Any fashion retailer that tags its petite collection “Don’t Call Me Cute” and launches a line of full-cup clothing called “I’m Up Here” gets that Millennial women don’t suffer bad marketing gladly. And Reformation, a cool-girl clothier with tongue-in-cheek campaigns, gets it.
That’s why the Los Angeles-based company, whose mission is to lead and inspire a sustainable way to be fashionable (or a fashionable way to be sustainable), decided to call a spade a spade when it launched RefRecycling last July, promoting it as “the easiest way for you to recycle all those clothes you probably shouldn’t wear again.”
“People are really lazy,” laughed Kathleen Talbot, who handles sustainability and business operations at Reformation, presenting the retailer’s take-back initiative during Fashion Positive’s recent working day in New York. “When you think about the people that are throwing things away, it’s because it’s not as convenient, it’s not as accessible. It’s because they’re not going to remember to grab it on their way out to do errands.”
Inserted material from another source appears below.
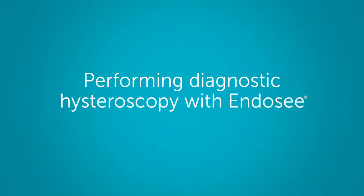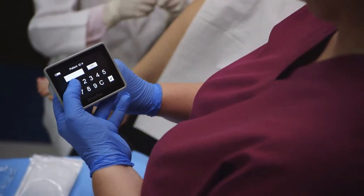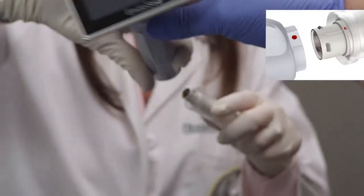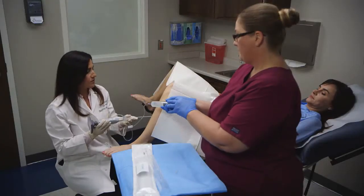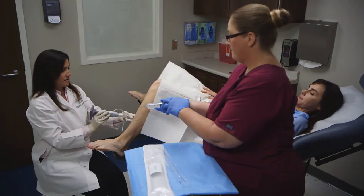You've seen how simple it is to set up for hysteroscopy with EndoC. Now take a look at performing hysteroscopy with this innovative device. To begin, turn on the EndoC handset and enter the patient ID number. Align the red dots to connect the handset to the cannula, then connect the tubing to infuse saline and purge the system of air. EndoC is now fully assembled and ready for use.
And because the likes of H&M’s in-store garment collecting program wouldn’t work for Reformation (which does about 75 percent of its business online), RefRecycling is a mostly online initiative.
Through a partnership with Community Recycling (CR), the retailer includes a RefRecycling pre-paid shipping label with all of its e-commerce sales. Shoppers can then re-pack the box their order came in (or any box) with unwanted clothing (from any brand or retailer), slap that label on it and ship it to one of CR’s centers.
“There’s no purchase necessary to print one off online and you can print as many as you want, whenever you want,” Talbott noted, adding that the labels are available in Reformation’s three stores, too. Plus: “You have an option to track your stuff to see where it ends up, whether it’s a thrift shop in Philadelphia or a secondary market in Haiti.”
It’s free for users and it’s free for Reformation. CR covers the cost of the labels and the shipments, but as a for-profit recycling service, it also gets the full revenue off the sale of the material.
“Right now, we’re doing it because we want to do it, but maybe [our shoppers] need an incentive,” she said, noting that because CR partners with USPS and FedEx to aggregate loads, palletize them and then ship them in batches, her numbers are on about a two-month delay. “But we’ve had a few hundred people using it, at least in the first month or two, and we’re hoping we can scale that, especially as we up our engagement.”